--- ENTRIES PROVIDED Enclosed Below ---
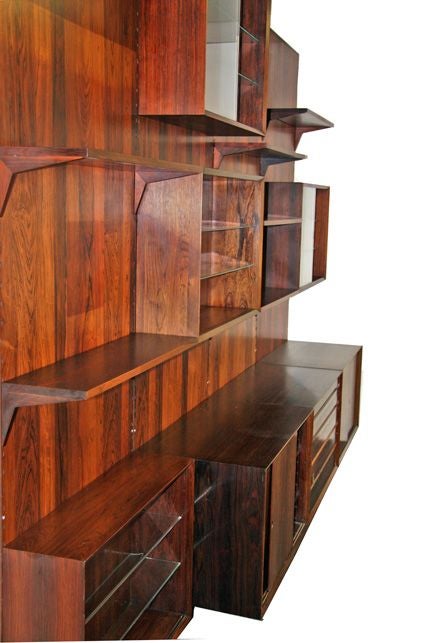 Large Royal Cado system wall mounted modular unit in rosewood designed by Poul Cadovius.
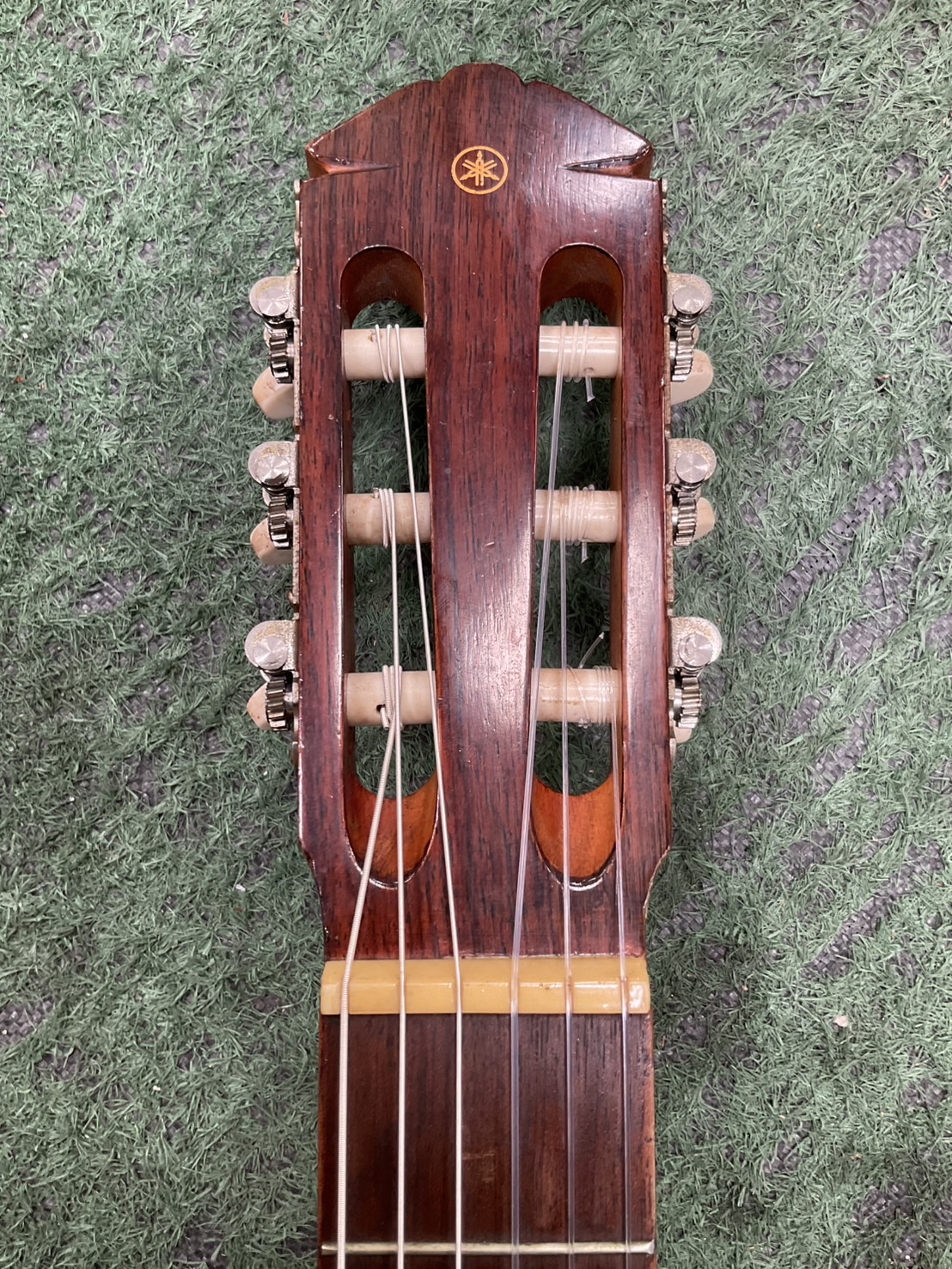 กีต้าร์คลาสสิค YAMAHA : G-70D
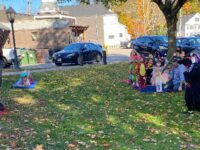 Kurt Jackson spins yarns at library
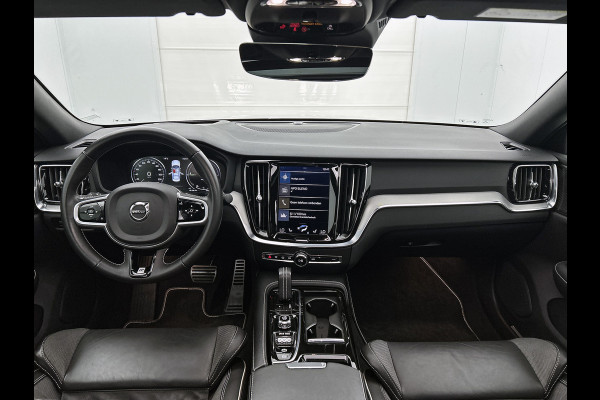 Volvo S60 2.0 T6 AWD R-Design 340PK / Harman Kardon / Lederen Int / Panorama schuifdak / Navi / Cruise-adaptief / Trekhaak / Carplay / Apk 04-2026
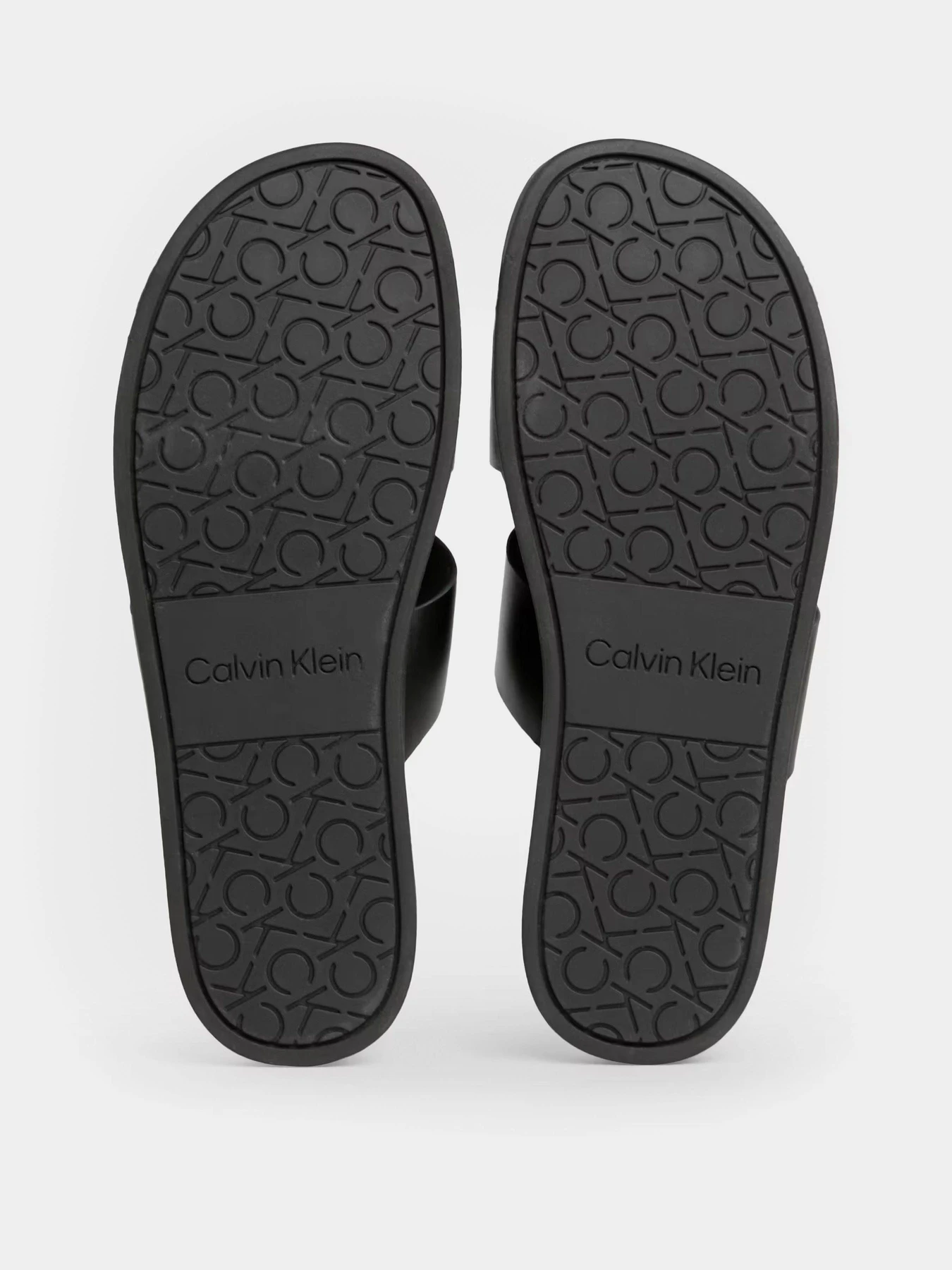 Шлёпанцы Calvin Klein Double Strap модель HM0HM01414-BEH Шлёпанцы Calvin Klein Double Strap модель HM0HM01414-BEH Фото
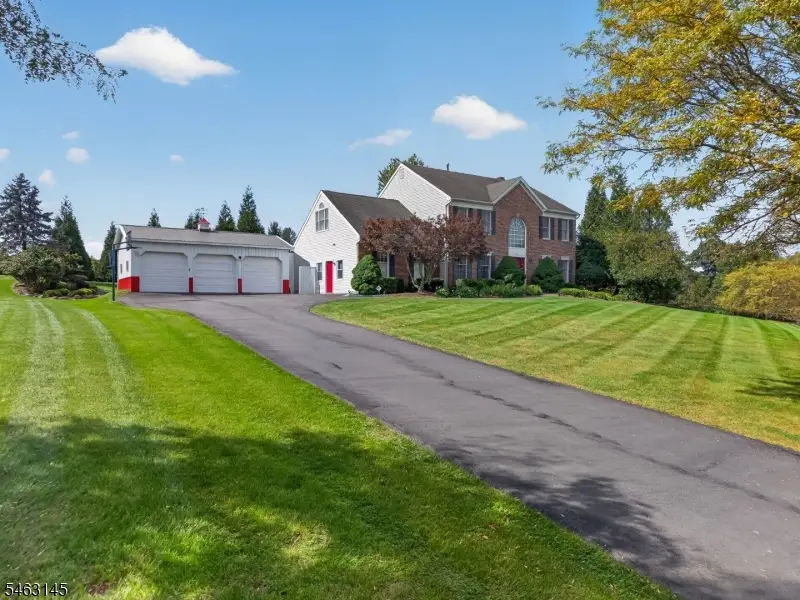 7 Stark Ct, Raritan, NJ 08822 - #2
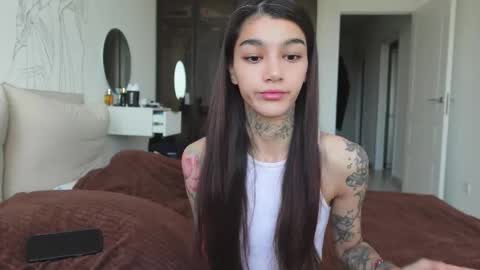 vinkitinkii online show from 10-19-25, 07:09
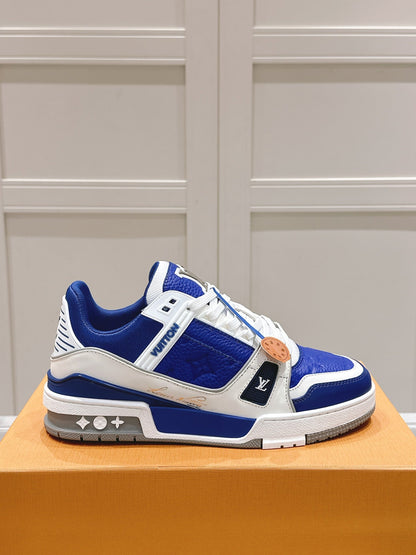 LV TRAINER SNEAKER IN GASTON BLUE GRAINED CALFSKIN
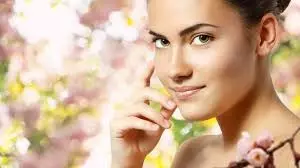 Skin Care Tips: स्वस्थ और चमकदार त्वचा के लिए अपनाएं ये 7 आसान आदतें Skin Care Tips: स्वस्थ और चमकदार त्वचा के लिए अपनाएं ये 7 आसान आदतें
--- End of Enclosed ENTRIES PROVIDED ---
Output all lines above precisely. Pictures are to be left out.

 Large Royal Cado system wall mounted modular unit in rosewood designed by Poul Cadovius.
 กีต้าร์คลาสสิค YAMAHA : G-70D
 Kurt Jackson spins yarns at library
 Volvo S60 2.0 T6 AWD R-Design 340PK / Harman Kardon / Lederen Int / Panorama schuifdak / Navi / Cruise-adaptief / Trekhaak / Carplay / Apk 04-2026
 Шлёпанцы Calvin Klein Double Strap модель HM0HM01414-BEH Шлёпанцы Calvin Klein Double Strap модель HM0HM01414-BEH Фото
 7 Stark Ct, Raritan, NJ 08822 - #2
 vinkitinkii online show from 10-19-25, 07:09
 LV TRAINER SNEAKER IN GASTON BLUE GRAINED CALFSKIN
 Skin Care Tips: स्वस्थ और चमकदार त्वचा के लिए अपनाएं ये 7 आसान आदतें Skin Care Tips: स्वस्थ और चमकदार त्वचा के लिए अपनाएं ये 7 आसान आदतें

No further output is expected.